Accountants renew calls for STEM training
PwC has called for at least one STEM specialist teacher to be employed per school, and for greater prioritisation regarding school collaborations.
Providing every primary school in the country with access to at least one specialist STEM (science, technology, engineering and mathematics) teacher could be possible if teachers are incentivised to acquire STEM specialisations and collaboration between schools is prioritised, according to a PwC report released today.
The recommendations serve as part of the PwC report Making STEM a Primary Priority, which looks at practical steps to improve the quality of science and mathematics teaching in Australian Primary schools.
"Australia is at an inflexion point," stated Sara Caplan, PwC national skills leader.

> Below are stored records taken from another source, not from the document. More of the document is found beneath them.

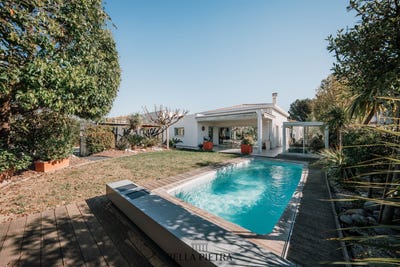 /international/fr/teyran-languedoc-roussillon-310107362726/
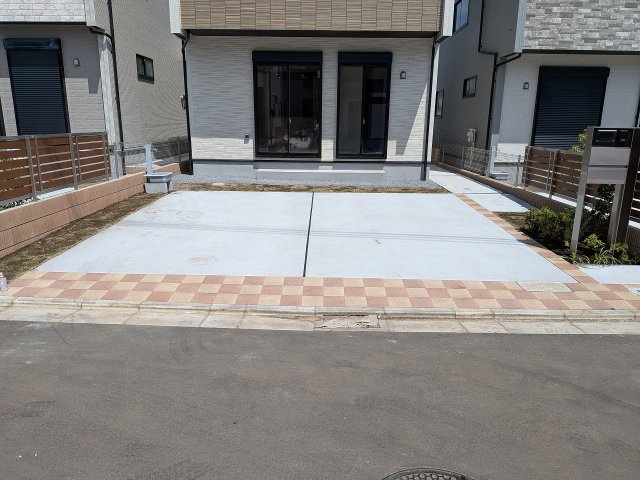 八王子市　石川町　新築一戸建ての駐車場|～並列2台駐車可能カースペース～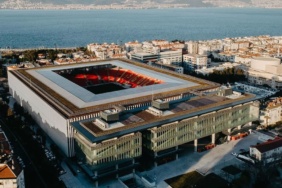 tum-kulupler-borca-batarken-bu-super-lig-ekibi-para-basiyor-JG8NLrf7.jpg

"Either we better prepare the next generation to thrive in an increasingly technologically complex and competitive global economy or we acquiesce to lower productivity, slower growth and declining standards of living.”
PwC managing partner Tony Peake noted that with 75 per cent of the fastest-growing occupations requiring STEM skills, shifting the workforce to accommodate this is essential.
"We must align our scientific effort to the national interest, focus on areas of particular importance or need and do it on a scale that it will make a difference to Australia and a changing world," said Mr Peake.
The PwC report also includes recommendations and practical strategies for consideration by the government, universities and school leaders around:
- Providing access to a specialist STEM teacher for every Australian primary school;
- Improving the standard of professional development in primary science and mathematics for all teachers;
- Better use of data for targeted teaching and enhanced learning in STEM and beyond; and
- Increasing the quality and quantity of STEM instruction in Australian primary schools.